Проза о неблизких путешествиях, совершенных автором за годы долгой гастрольной жизни (страница 10)
Вообще, евреи были очень заметной и процветающей группой в городе, и было их тысяч двадцать. И, разумеется, построены были две синагоги, открылась бесплатная столовая для неимущих (без различия национальности и вероисповедания), появились больницы и дом для престарелых. Руководил общиной человек немыслимой энергии, ума и милосердия – доктор Кауфман. Такие люди специальных жизнеописаний достойны.
Нет, я погорячился, конечно, написав, что ветры времени обходили стороной этот островок покоя и благополучия. Споры о России и ее судьбе тут не стихали и порою достигали высокого накала.
А еще – мне это очень интересным показалось в читанных мной о Харбине книжках – тут возникла Русская фашистская партия, цель которой формулировалась ясно и однозначно: «Освобождение Родины от еврейского коммунизма любой ценой». Даже была открыта ими Высшая партийная школа. Несколько тысяч человек насчитывала эта организация. Но самое забавное в ней было – небывалое количество отребья, которое добывало деньги для нужд партийной жизни – точно так же, как большевики времен достославного Камо и еще не известного никому Джугашвили: разбоем. Только не банки они грабили, а похищали людей и требовали выкуп. Всего за полтора года они похитили двенадцать человек (из которых восемь были, кстати, евреями, что много говорит об уровне еврейской жизни в городе). И нескольких убили, хотя выкуп был уплачен. Эту гнусную партию разогнали пришедшие сюда японцы.
Слегка мне надоело пересказывать прочитанное в книгах, и пора печально изложить, как размылся и канул в Лету этот островок российской жизни, Атлантида и град Китеж, если угодно.

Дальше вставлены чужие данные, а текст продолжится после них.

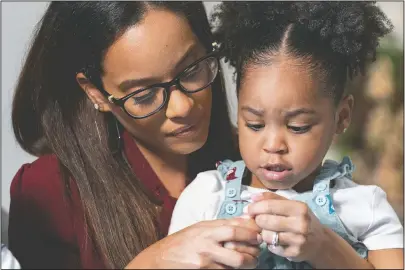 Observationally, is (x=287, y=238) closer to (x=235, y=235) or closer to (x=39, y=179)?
(x=235, y=235)

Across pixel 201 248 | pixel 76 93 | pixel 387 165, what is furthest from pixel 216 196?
pixel 387 165

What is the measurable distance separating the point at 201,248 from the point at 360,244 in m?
0.18

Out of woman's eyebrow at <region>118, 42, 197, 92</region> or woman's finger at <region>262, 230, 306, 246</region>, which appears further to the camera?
woman's eyebrow at <region>118, 42, 197, 92</region>

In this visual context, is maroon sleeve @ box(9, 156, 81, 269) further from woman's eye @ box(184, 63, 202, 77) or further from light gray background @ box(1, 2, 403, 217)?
woman's eye @ box(184, 63, 202, 77)

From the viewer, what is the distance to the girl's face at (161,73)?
736 millimetres


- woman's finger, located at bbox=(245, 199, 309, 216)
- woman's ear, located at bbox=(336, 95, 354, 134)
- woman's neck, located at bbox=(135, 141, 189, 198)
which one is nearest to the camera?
woman's finger, located at bbox=(245, 199, 309, 216)

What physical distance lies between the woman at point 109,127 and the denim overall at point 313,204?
0.29ft

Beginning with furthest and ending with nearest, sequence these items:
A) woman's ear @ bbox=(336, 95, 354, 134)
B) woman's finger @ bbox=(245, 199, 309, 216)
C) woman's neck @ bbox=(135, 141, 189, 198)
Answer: woman's neck @ bbox=(135, 141, 189, 198), woman's ear @ bbox=(336, 95, 354, 134), woman's finger @ bbox=(245, 199, 309, 216)

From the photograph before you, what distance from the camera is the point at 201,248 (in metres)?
0.64

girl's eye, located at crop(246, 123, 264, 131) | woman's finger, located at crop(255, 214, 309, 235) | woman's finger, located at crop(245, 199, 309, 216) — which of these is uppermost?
girl's eye, located at crop(246, 123, 264, 131)

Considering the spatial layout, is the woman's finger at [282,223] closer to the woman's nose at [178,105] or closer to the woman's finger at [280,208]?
the woman's finger at [280,208]

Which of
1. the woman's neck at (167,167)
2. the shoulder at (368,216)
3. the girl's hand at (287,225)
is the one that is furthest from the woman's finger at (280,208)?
the woman's neck at (167,167)

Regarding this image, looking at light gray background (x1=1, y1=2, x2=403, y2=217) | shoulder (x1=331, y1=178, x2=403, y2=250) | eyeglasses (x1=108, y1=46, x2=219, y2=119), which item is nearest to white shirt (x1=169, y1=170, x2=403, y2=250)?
shoulder (x1=331, y1=178, x2=403, y2=250)

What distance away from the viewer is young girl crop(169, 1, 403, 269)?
67 centimetres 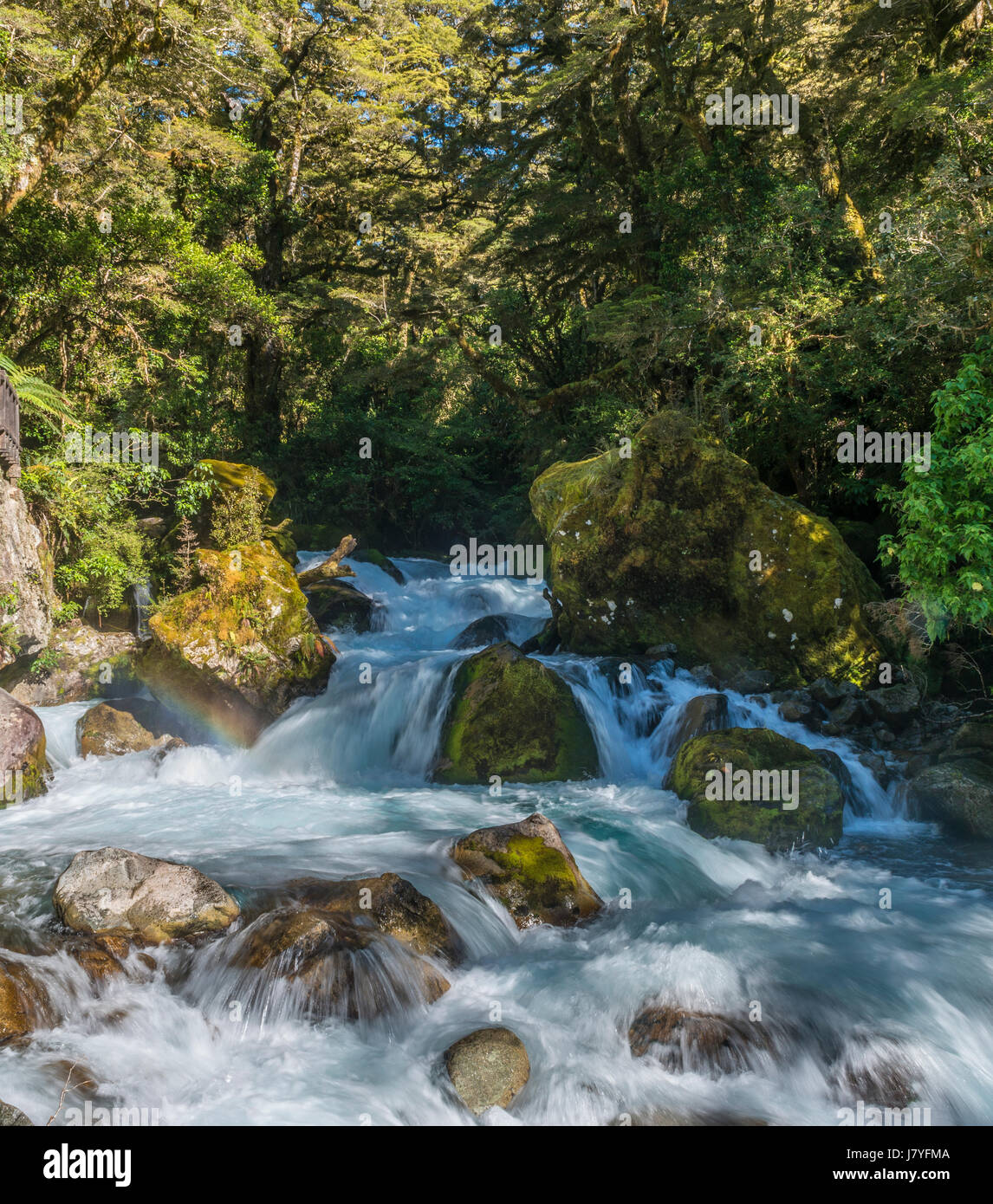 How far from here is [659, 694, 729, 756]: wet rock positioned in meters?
10.1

Многие разъехались кто куда: в Австралию, Южную Америку, Палестину (при японцах стали уезжать особенно активно). А потом наступил тридцать пятый год, советское правительство легко продало Китайско-Восточную железную дорогу, и работников ее товарищ Сталин пригласил вернуться на родину. Пообещав, естественно, райское на ней блаженство.
И на посулы эти клюнуло огромное количество людей. Зная о российских трудностях, все сбережения потратили они на всякие закупки – были среди них даже рояли. Поначалу все сложилось хорошо – иные поезда (а тысячи семей поехали) встречали с духовым оркестром. И направляли в города – по большей части захолустные. Но это была родина, российская земля это была, и счастье возвращения пока ничем не омрачалось. Но примерно года через полтора где-то совсем наверху было решено покончить с поселившимися в Советском Союзе японскими шпионами, «так называемыми харбинцами» – было написано в этом постановлении.

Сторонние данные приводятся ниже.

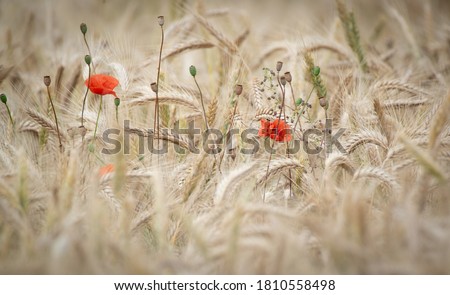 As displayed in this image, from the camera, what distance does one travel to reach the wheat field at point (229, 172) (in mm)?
1563

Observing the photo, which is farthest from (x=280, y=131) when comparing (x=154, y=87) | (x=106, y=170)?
(x=106, y=170)

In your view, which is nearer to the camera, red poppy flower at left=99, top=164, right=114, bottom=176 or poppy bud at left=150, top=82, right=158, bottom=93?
red poppy flower at left=99, top=164, right=114, bottom=176

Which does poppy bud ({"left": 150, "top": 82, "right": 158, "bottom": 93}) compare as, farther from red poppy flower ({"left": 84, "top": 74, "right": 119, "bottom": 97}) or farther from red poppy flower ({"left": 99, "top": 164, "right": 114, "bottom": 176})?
red poppy flower ({"left": 99, "top": 164, "right": 114, "bottom": 176})

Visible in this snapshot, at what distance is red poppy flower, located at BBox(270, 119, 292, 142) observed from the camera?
2.25 metres

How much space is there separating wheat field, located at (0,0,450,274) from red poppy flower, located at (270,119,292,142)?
3.0 inches

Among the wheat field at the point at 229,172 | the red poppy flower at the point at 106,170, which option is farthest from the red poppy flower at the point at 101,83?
the red poppy flower at the point at 106,170

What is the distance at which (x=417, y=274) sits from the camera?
1.52 meters

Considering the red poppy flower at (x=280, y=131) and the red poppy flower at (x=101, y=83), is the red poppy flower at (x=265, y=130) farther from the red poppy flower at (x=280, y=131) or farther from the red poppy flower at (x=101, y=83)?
the red poppy flower at (x=101, y=83)

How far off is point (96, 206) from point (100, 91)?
88 centimetres

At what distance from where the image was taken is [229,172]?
6.73 ft

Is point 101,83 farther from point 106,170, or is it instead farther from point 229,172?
point 229,172

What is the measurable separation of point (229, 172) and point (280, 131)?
0.34 meters

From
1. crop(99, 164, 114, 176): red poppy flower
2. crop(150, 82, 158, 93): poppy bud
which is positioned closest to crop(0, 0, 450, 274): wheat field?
crop(99, 164, 114, 176): red poppy flower

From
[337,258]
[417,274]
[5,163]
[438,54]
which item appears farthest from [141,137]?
[438,54] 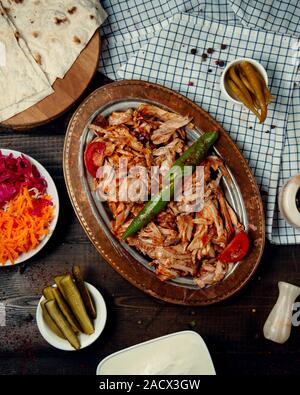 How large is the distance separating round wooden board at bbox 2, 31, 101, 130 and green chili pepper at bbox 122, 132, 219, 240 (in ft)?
2.55

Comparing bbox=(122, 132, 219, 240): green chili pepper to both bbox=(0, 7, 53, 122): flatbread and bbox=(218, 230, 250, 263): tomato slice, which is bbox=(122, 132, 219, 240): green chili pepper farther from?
bbox=(0, 7, 53, 122): flatbread

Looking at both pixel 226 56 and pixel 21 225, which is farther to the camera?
pixel 226 56

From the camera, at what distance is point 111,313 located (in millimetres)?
3658

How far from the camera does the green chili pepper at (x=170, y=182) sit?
11.2 ft

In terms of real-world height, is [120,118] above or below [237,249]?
above

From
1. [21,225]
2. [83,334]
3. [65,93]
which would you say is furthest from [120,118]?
[83,334]

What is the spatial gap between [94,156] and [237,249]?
1.09 metres

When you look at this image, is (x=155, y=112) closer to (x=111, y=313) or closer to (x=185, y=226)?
(x=185, y=226)

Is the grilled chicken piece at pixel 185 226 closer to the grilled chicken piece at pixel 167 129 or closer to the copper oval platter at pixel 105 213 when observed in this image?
the copper oval platter at pixel 105 213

В архивных бумагах, много лет спустя всплывших для прочтения, сохранились даже цифры из чекистского отчета: арестовано пятьдесят тысяч, сразу же расстреляно – тридцать одна. Остальные, естественно, пошли в лагеря. Не очень-то большая цифра в мартирологе погибших в это время, но мы и говорим ведь о небольшом российском городе в Маньчжурии. Далее наступил сорок пятый год, и в Харбин вошла Красная армия. А за ней немедля – СМЕРШ, работники которого не подчинялись армейскому начальству. И расстрелы шли в Харбине ежедневно, а в Союз тянулись эшелоны, битком набитые людьми (белогвардейцы!).

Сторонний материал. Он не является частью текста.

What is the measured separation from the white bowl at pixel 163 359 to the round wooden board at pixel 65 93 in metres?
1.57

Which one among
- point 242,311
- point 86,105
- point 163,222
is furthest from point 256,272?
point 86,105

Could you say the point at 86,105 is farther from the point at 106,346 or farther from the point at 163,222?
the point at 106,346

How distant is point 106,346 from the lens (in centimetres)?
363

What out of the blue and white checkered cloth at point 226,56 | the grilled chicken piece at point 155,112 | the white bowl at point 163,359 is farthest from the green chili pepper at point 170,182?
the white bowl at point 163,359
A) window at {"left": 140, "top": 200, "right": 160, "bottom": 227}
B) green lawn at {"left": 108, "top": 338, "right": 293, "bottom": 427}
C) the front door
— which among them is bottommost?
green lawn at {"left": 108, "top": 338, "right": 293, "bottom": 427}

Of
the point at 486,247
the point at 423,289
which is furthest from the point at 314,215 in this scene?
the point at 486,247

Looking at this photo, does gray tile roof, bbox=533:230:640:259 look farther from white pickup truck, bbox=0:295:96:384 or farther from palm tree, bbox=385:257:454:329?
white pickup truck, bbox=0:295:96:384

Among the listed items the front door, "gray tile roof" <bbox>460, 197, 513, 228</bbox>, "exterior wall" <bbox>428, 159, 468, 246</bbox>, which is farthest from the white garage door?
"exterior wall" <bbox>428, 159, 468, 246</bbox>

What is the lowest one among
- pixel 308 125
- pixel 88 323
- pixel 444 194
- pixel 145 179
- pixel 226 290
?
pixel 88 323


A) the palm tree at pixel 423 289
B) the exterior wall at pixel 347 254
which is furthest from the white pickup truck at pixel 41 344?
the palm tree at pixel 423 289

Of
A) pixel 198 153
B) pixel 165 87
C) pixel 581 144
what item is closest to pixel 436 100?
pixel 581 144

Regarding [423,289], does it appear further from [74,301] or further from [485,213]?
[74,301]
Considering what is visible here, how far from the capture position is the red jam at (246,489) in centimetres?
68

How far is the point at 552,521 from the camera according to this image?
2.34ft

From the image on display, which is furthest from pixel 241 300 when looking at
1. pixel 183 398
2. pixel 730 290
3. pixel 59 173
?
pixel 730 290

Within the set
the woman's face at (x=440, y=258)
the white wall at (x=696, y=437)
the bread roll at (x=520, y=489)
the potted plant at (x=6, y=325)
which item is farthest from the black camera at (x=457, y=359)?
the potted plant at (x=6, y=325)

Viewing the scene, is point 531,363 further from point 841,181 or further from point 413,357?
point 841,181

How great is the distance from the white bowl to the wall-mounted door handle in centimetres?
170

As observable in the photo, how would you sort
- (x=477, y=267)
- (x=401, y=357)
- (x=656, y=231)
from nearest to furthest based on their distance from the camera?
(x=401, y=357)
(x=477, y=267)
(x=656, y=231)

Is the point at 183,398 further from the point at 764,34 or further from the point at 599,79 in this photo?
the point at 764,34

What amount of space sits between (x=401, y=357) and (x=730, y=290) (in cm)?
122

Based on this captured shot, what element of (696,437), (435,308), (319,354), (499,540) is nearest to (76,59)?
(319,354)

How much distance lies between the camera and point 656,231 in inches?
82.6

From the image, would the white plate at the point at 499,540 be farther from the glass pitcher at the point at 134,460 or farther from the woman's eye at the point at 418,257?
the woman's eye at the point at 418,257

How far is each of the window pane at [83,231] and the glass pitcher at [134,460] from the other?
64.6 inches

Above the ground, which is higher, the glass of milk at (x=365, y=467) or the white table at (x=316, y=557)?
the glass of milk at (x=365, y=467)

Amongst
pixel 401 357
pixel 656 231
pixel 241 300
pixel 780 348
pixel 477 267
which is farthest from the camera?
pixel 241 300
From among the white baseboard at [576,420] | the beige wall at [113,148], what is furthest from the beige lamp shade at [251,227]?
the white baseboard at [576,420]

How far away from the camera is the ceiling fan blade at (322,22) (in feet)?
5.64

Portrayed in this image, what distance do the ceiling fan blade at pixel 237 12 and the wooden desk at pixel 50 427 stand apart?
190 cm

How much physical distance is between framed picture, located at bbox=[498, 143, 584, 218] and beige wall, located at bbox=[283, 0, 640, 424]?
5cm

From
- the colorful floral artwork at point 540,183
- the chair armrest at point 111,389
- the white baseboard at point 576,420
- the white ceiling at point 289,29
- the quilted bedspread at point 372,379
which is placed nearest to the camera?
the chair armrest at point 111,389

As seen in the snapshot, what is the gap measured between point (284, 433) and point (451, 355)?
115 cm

Существенная акция была виртуозно проделана комендантом города почти немедля по вступлении в Харбин: на встречу с маршалом Мерецковым были приглашены двести пятьдесят самых известных, именитых граждан. Среди них были юристы, врачи, предприниматели, руководители общин. И больше их никто не видел. Кроме одного: спустя шестнадцать лет доктор Кауфман вернулся к своей семье, они уже давно жили в Израиле. Одиннадцать лет из этого срока доктор Кауфман провел в лагерях, его спасла профессия, в которой он был очень талантлив. И в Израиле продолжал он работать врачом, и успел большую книжку написать о своем тюремно-лагерном прошлом. Так она и называлась – «Лагерный врач».
Спокойный тон бесстрастного свидетеля поразил меня в этой книге. А мелкая одна история надолго в память врезалась. В тюрьме в Свердловске оказался с ним в одной камере земляк-харбинец. Председатель Верховного совета Российской фашистской партии. Так вот этот председатель принялся с усердием влезать в доверие к тюремному начальству и вскорости стал камерным стукачом – «наседкой».
Но многие харбинцы мирно прожили свой век и теперь покоились на русском кладбище. Сперва оно было в центре, потом переехало куда-то за город. На эту Желтую гору мы и поехали наутро. Оказалось там несколько десятков могил – немного надгробных плит и множество деревянных крестов, сиротливо торчащих прямо из земли. А дальше простиралось необозримое поле какой-то высокой степной травы – кладбище предполагалось надолго. Но где же тысячи остальных русских могил? Все объяснилось очень просто: в годы культурной революции кладбище в центре города просто закатали в асфальт, и нынче там парк культуры – колесо обозрения, карусель, американские горки и множество других аттракционов. Памятники с этого кладбища пошли на укрепление дамбы на реке Сунгари – в весенний паводок она порой заливала улицы, а плитами надгробными замостили часть набережной этой красивой речки. Канула даже память об эмиграции.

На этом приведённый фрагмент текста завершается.